One of Westminster’s most dramatic days since the Brexit referendum began in silence. One-by-one, seven Labour MPs looked across a table at one another and pressed send on emails destined to make history.
Their bombshell “statement of independence” informed Jeremy Corbyn, the party’s most left-wing leader since the 1980s, they were resigning to sit as The Independent Group (TIG).
“There were no doubters,” Luciana Berger, the MP for Liverpool Wavertree, told HuffPost UK at the end of a day that is likely to reverberate for months.
Berger added it was the alleged refusal of her former party to deal with anti-Semitism that drove her to leave.
“It would have been much easier for me to put my head in the sand and my fingers in my ears but this is about every organ of the party, from the NEC, the general secretary to Jeremy himself and the shadow cabinet. There doesn’t seem to be any desire to contend with the issue of anti-Semitism, and I couldn’t see that changing,” she said.
Moments later, she, Chuka Umunna, Chris Leslie, Angela Smith, Mike Gapes, Ann Coffey and Gavin Shuker filed into the next room, overlooking a choppy River Thames and Westminster Bridge, to explain their joint decision to a crowd of journalists.
Berger said her party had become “institutionally anti-Semitic”, while others cited deep frustration with Corbyn’s Brexit policy as the driver of the ‘gang of seven’ and its shock move.
“Politics is broken, it doesn’t have to be this way, let’s change it,” Umunna told the press conference.
“If you are sick and tired of politics as usual, guess what? So are we,” added the Streatham MP, whose name has long been associated with whispers of a breakaway.
Whether the new parliamentary caucus triggers an En Marche-style centrist party, which swept Emmanuel Macron to power in France, remains to be seen.

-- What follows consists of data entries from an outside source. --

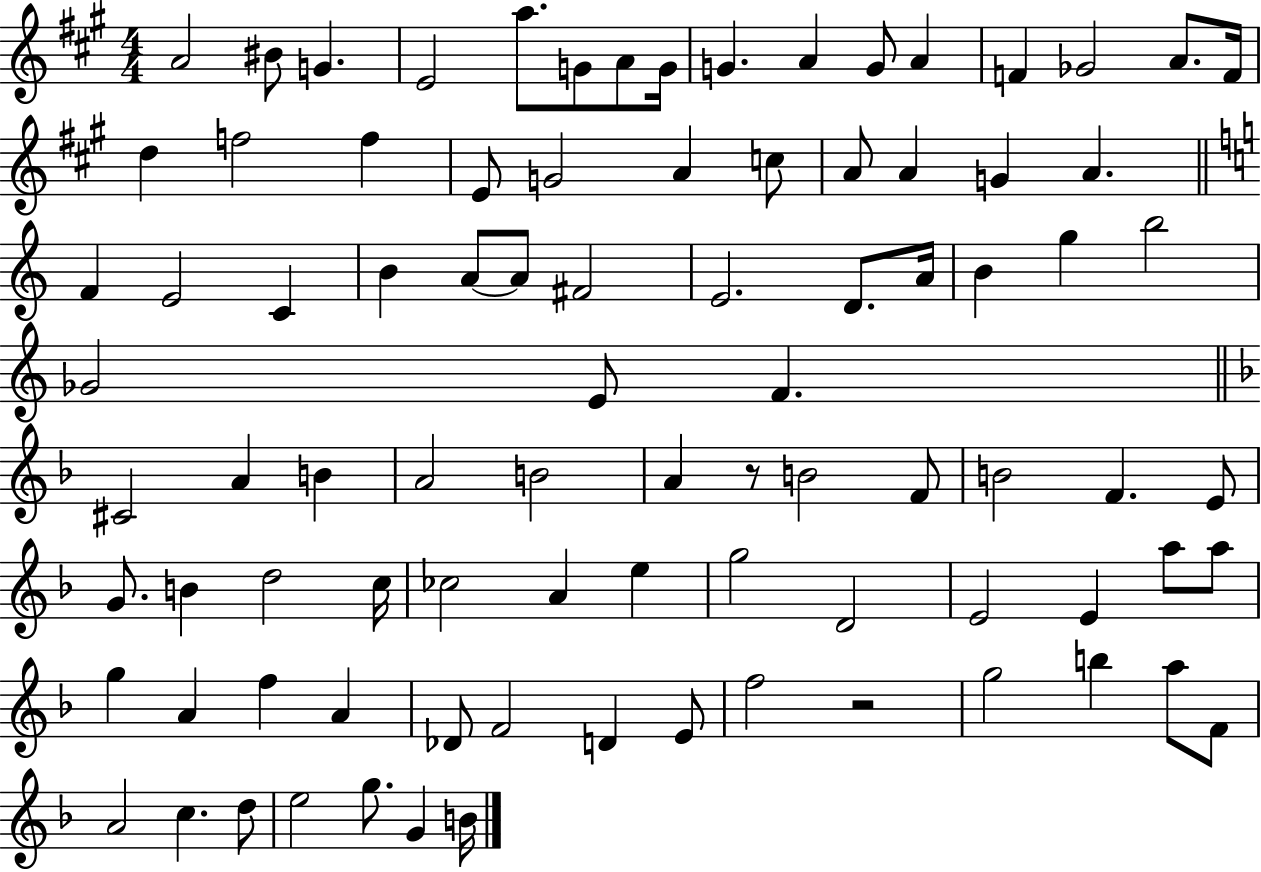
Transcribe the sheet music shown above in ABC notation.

X:1
T:Untitled
M:4/4
L:1/4
K:A
A2 ^B/2 G E2 a/2 G/2 A/2 G/4 G A G/2 A F _G2 A/2 F/4 d f2 f E/2 G2 A c/2 A/2 A G A F E2 C B A/2 A/2 ^F2 E2 D/2 A/4 B g b2 _G2 E/2 F ^C2 A B A2 B2 A z/2 B2 F/2 B2 F E/2 G/2 B d2 c/4 _c2 A e g2 D2 E2 E a/2 a/2 g A f A _D/2 F2 D E/2 f2 z2 g2 b a/2 F/2 A2 c d/2 e2 g/2 G B/4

But as the news sunk in for the rank and file, statements declaring sadness and heartache quickly descended into briefing and counter-briefing.
Questions immediately began to swirl over how TIG will be funded as a new website and accompanying crowdfunder page crashed due to a rush of interest. Key figures refused to name any large donor. “If you want to build something new, if you feel as politically homeless as us, this is the moment to build it,” said Shuker when pressed.
While facing instant criticism from Corbyn loyalists, TIG’s first major error was entirely self-inflicted. Smith became embroiled in a racism row barely two hours after the new group was formed when she described BAME voters as having a “funny tinge” in a BBC interview. She later apologised.